D’autre part, cette dérégulation devrait favoriser les entreprises américaines mais pourrait créer des déséquilibres dans l’économie mondiale. « In fine, l’objectif principal de ces mesures est de baisser les coûts de financement pour les entreprises américaines. Mais l’abondance de liquidité actuelle leur suggère déjà un accès privilégié à l’emprunt, d’où un potentiel avantage concurrentiel de taille face aux entreprises des autres régions. Et vu l’hégémonie et la force actuelle du dollar face aux autres devises, les entreprises américaines pourront investir et acquérir des actifs à l’étranger plus facilement », développe Ludovic Subran.

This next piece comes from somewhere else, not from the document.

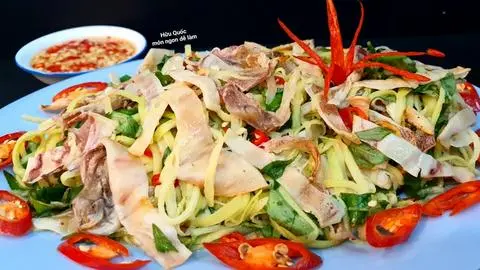 Hình ảnh Gỏi xoài khô mực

Du multilatéralisme au bilatéralisme, vers une logique de deals
Si le Président Trump tient ses promesses électorales, il faut s’attendre à une véritable métamorphose des relations commerciales, qui passeront du multilatéralisme et des traités régionaux aux accords bilatéraux. Les relations avec la région Pacifique (TPP) et l’Europe (TAFTA) seront mises entre parenthèses. En même temps, une politique commerciale plus restrictive affectera les pays ayant d’importants excédents commerciaux avec les États-Unis, avec à leur tête la Chine et le Mexique. « Les droits de douane de 45 % annoncés au cours de la campagne semblent fantaisistes, mais des droits de douane de 15 % sur les marchandises importées de Chine et des mesures non conventionnelles telles que le renforcement de la Loi sur la préférence nationale, la différentiation par le régime fiscal et le protectionnisme sur les services sont parfaitement envisageables », estime Ludovic Subran. Enfin, même si la renégociation de l’ALÉNA semble peu probable en 2017, des barrières non douanières (renforcement des normes, par exemple en matière de conditionnement) et des incitations à relocaliser les activités pourraient être mises en œuvre. Cela aurait des conséquences négatives sur les entreprises américaines fabriquant une partie de leurs produits au Mexique (l’industrie automobile, par exemple).
Et les entreprises américaines, dans tout ça ?
Finalement, le programme de Donald Trump pourrait s’avérer à double tranchant pour les entreprises américaines. L’impulsion donnée à la demande et les baisses de l’impôt sur les sociétés favoriseront la génération de liquidités, alors que les incitations fiscales concernant les dépenses d’investissement assureront la productivité future. « D’un autre côté, l’inflation et la hausse des taux d’intérêt pourraient accroître le coût du financement et rendre plus difficile l’accès à l’emprunt. Sans parler des mesures protectionnistes qui mettront sous pression les coûts de production et pèseront sur les bénéfices et sur les flux de trésorerie d’exploitation. En fin de compte, ces trois facteurs combinés (croissance de l’activité, incertitude sur les coûts de production et financement plus coûteux) pourraient accroître les besoins en fonds de roulement des entreprises et le risque de crédit », expose Ludovic Subran. Selon Euler Hermes, les défaillances d’entreprises aux Etats-Unis pourraient augmenter de +1% en 2017 et +5% en 2018, après la stagnation enregistrée en 2016.
A l’échelle sectorielle, les conséquences du plan de Donald Trump seront contrastées. Les secteurs nationaux non délocalisables, comme la distribution et la construction, sont ceux qui devraient profiter le plus de l’impulsion donnée à la demande. Certains secteurs délocalisables pourraient également bénéficier d’une amélioration de la compétitivité et d’un soutien délibéré de l’Etat, comme des mesures antidumping dans la métallurgie. À l’inverse, dans d’autres secteurs comme le textile ou l’électronique, les répercussions négatives de la politique commerciale de l’administration Trump pourraient effacer largement les effets externes positifs de la relance budgétaire.